▸ **DESCRIPTION OF THE TASK**
Your answer must be an exact copy of the entries below, with no pictures in it.

Crawled caption data
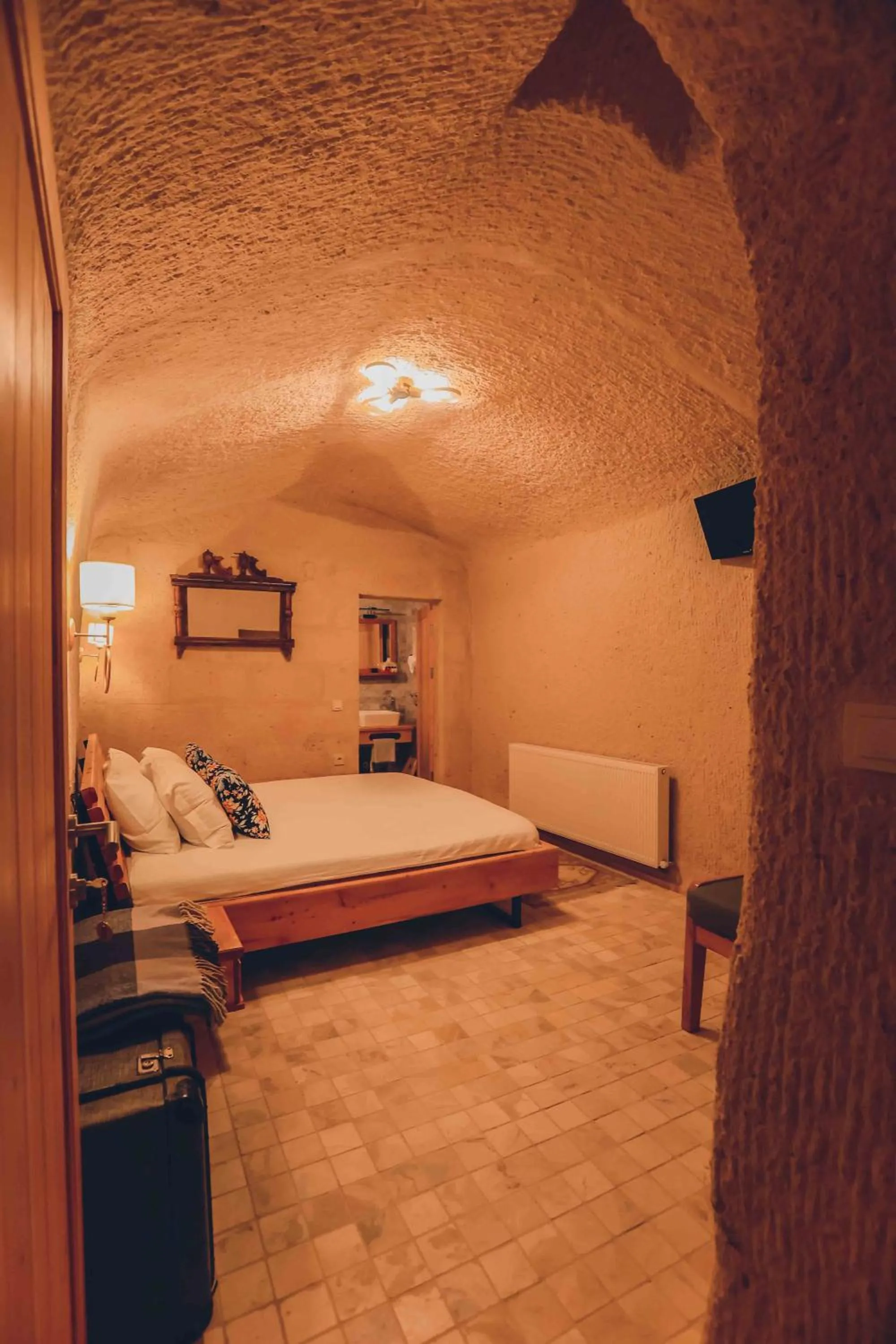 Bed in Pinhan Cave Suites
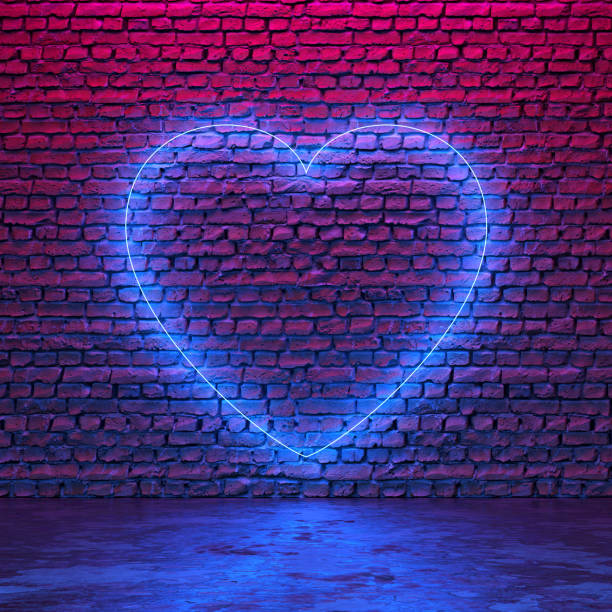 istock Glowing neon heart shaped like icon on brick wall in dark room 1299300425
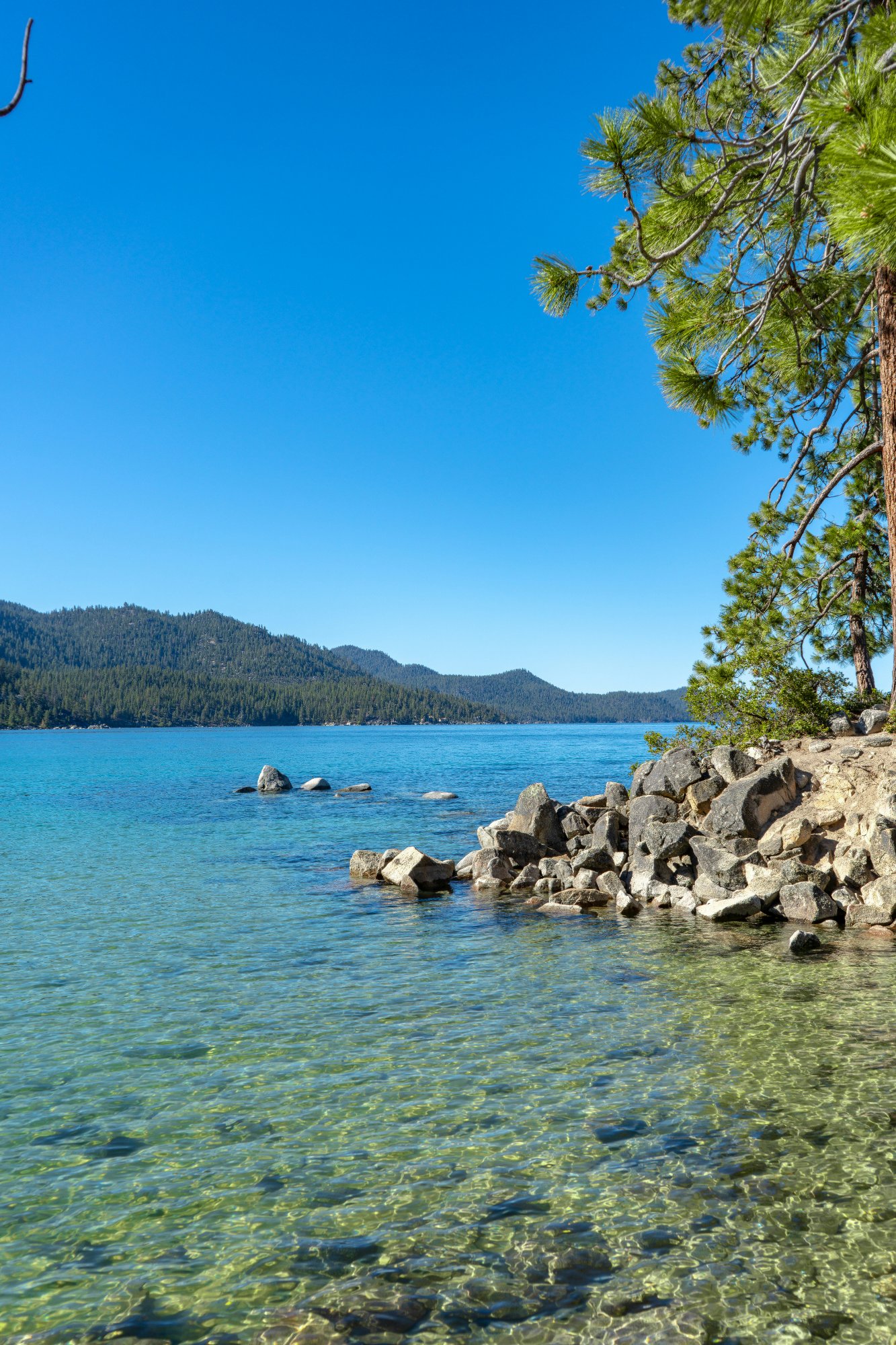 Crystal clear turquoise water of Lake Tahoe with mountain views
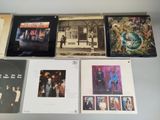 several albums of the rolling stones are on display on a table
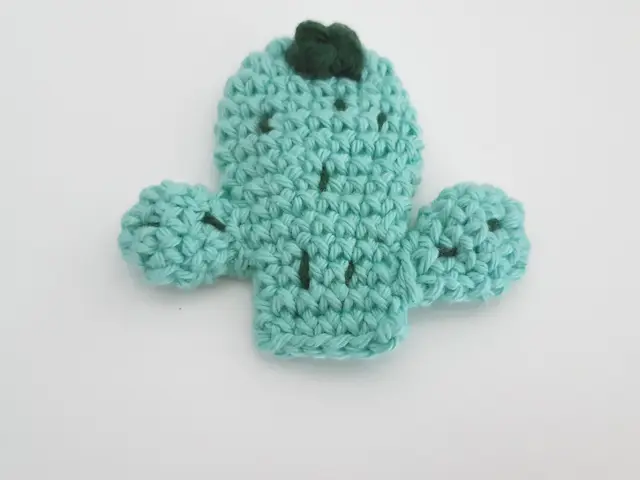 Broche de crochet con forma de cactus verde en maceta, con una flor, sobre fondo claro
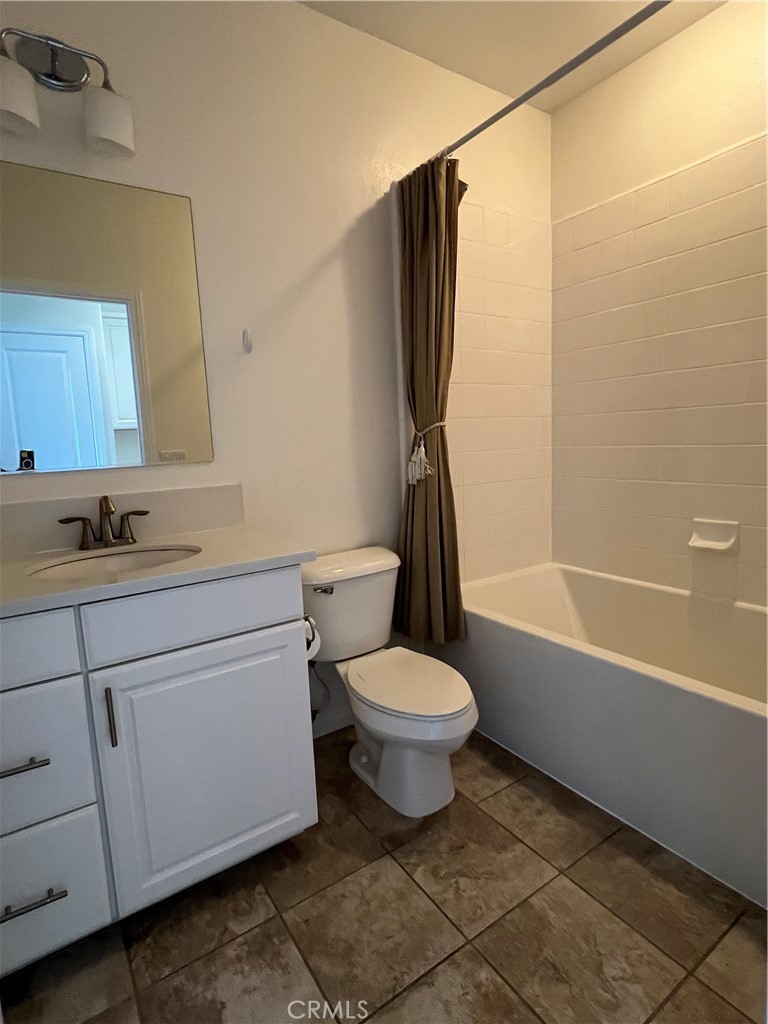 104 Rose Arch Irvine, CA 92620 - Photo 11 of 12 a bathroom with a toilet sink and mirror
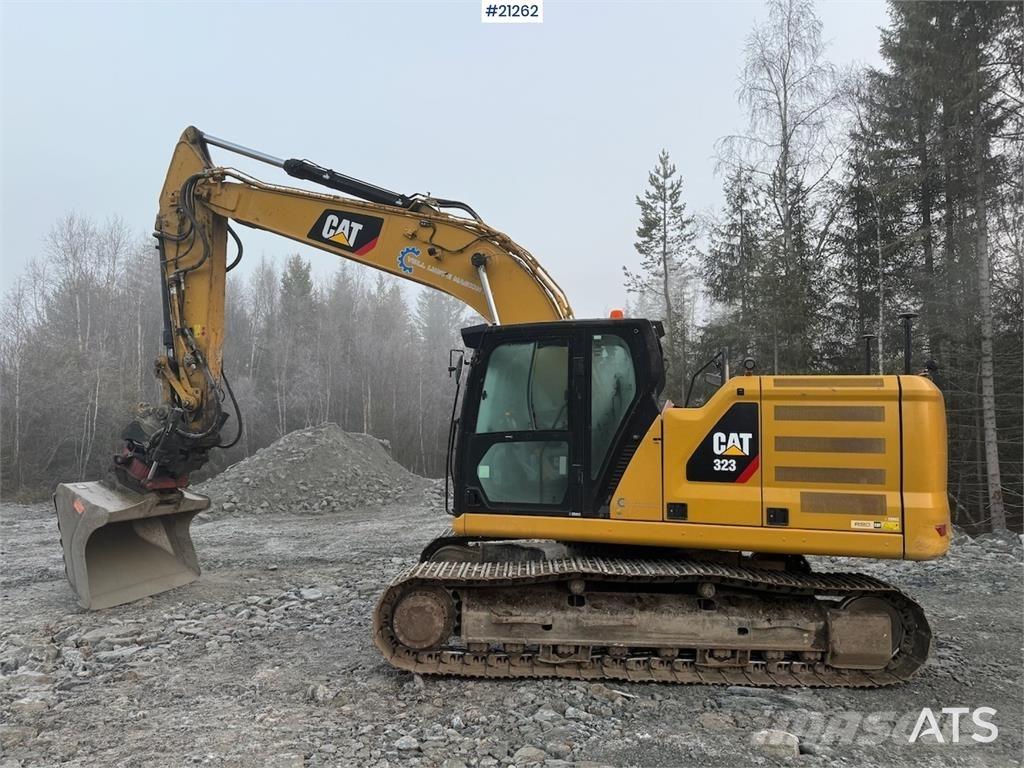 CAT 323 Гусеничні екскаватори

▸ **THE COMPLETED TASK**
 Bed in Pinhan Cave Suites
 istock Glowing neon heart shaped like icon on brick wall in dark room 1299300425
 Crystal clear turquoise water of Lake Tahoe with mountain views
 several albums of the rolling stones are on display on a table
 Broche de crochet con forma de cactus verde en maceta, con una flor, sobre fondo claro
 104 Rose Arch Irvine, CA 92620 - Photo 11 of 12 a bathroom with a toilet sink and mirror
 CAT 323 Гусеничні екскаватори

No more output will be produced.